构造函数创建指定数量的线程，这些线程在后台等待任务。
enqueue方法将任务添加到任务队列，并通知一个等待的线程。
析构函数停止线程池，等待所有线程完成任务。

2. 死锁检测与避免

死锁是指两个或多个线程相互等待对方释放资源，导致程序无法继续执行的情况。避免死锁的方法有：

破坏死锁的四个必要条件：
- 互斥条件：尽量减少对资源的独占使用，例如使用读写锁代替互斥锁，允许多个线程同时读。
- 占有并等待条件：一次性获取所有需要的资源，而不是先获取部分资源再等待其他资源。
- 不可剥夺条件：允许资源被剥夺，例如当一个线程等待资源超时，可以释放它已占有的资源。
- 循环等待条件：对资源进行排序，线程按照顺序获取资源，避免循环等待。
使用死锁检测算法：在程序运行时检测死锁的发生，并采取相应的措施，如终止其中一个线程。虽然C++标准库没有直接提供死锁检测功能，但可以使用一些第三方工具，如helgrind（Valgrind工具集的一部分）来检测死锁。

3. 并发数据结构

为了提高并发编程的效率，专门设计了一些并发数据结构，如无锁队列、无锁栈等。

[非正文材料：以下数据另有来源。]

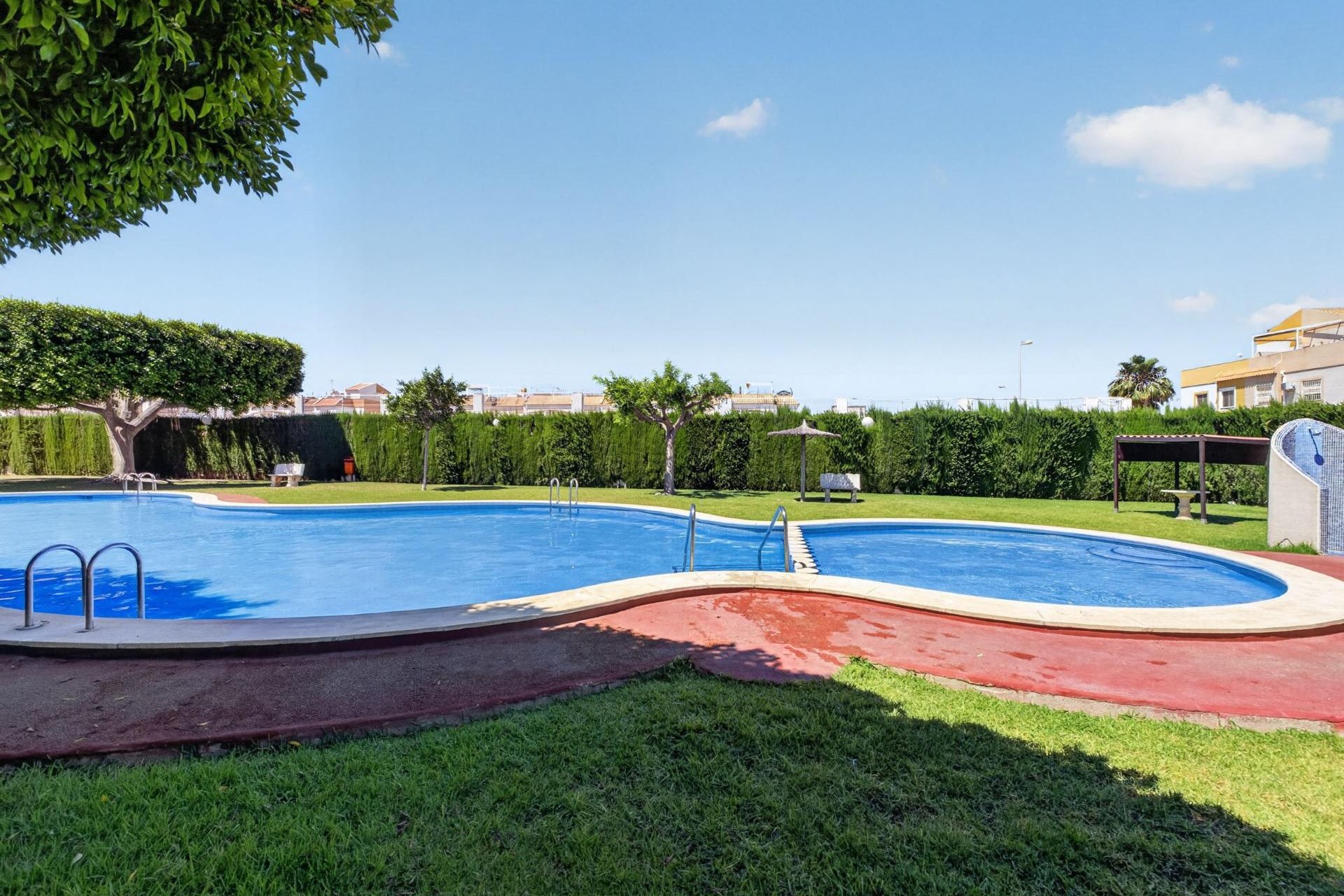Revânzare - Apartament -
Torrevieja - El Limonar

这些数据结构使用原子操作和更复杂的算法来实现线程安全，避免了锁的开销。

例如，无锁队列的一种简单实现：

#include <iostream>
#include <memory>
#include <atomic>

template<typename T>
class LockFreeQueue {
private:
    struct Node {
        T data;
        std::unique_ptr<Node> next;
        Node(const T &value) : data(value), next(nullptr) {}
    };

    std::atomic<Node*> head;
    std::atomic<Node*> tail;

public:
    LockFreeQueue() {
        auto sentinel = std::make_unique<Node>(T());
        head.store(sentinel.get());
        tail.store(sentinel.get());
    }

    ~LockFreeQueue() {
        while (head.load() != nullptr) {
            auto old_head = head.load();
            head.store(old_head->next.get());
        }
    }

    bool push(const T &value) {
        auto new_node = std::make_unique<Node>(value);
        Node *old_tail = tail.load();
        while (true) {
            Node *next = old_tail->next.load();
            if (next == nullptr) {
                if (tail.compare_exchange_weak(old_tail, new_node.get())) {
                    old_tail->next = std::move(new_node);
                    return true;
                }
            } else {
                tail.compare_exchange_weak(old_tail, next);
            }
        }
    }

    bool pop(T &value) {
        Node *old_head = head.load();
        while (true) {
            Node *tail_node = tail.load();
            Node *next = old_head->next.load();
            if (old_head == tail_node) {
                if (next == nullptr) {
                    return false;
                }
                tail.compare_exchange_weak(tail_node, next);
            } else {
                value = next->data;
                if (head.compare_exchange_weak(old_head, next)) {
                    return true;
                }
            }
        }
    }
};

int main() {
    LockFreeQueue<int> queue;
    queue.push(10);
    int value;
    if (queue.pop(value)) {
        std::cout << "Popped value: " << value << std::endl;
    }
    return 0;
}

在这个无锁队列实现中，使用std::atomic和compare_exchange_weak来实现线程安全的入队和出队操作，避免了使用锁带来的开销。

4. 并发编程的性能优化

减少锁的粒度：尽量缩小临界区的范围，只在必要时锁定资源，例如将大的临界区分成多个小的临界区。
使用无锁数据结构：对于高并发场景，无锁数据结构可以提高性能，因为它们避免了锁竞争。
合理分配任务：根据任务的性质和CPU核心数，合理分配任务到不同线程，避免线程之间的负载不均衡。
缓存友好：注意数据的访问模式，尽量让线程访问的数据在CPU缓存中，减少内存访问的开销。例如，将经常访问的数据结构设计得更紧凑，减少缓存行的争用。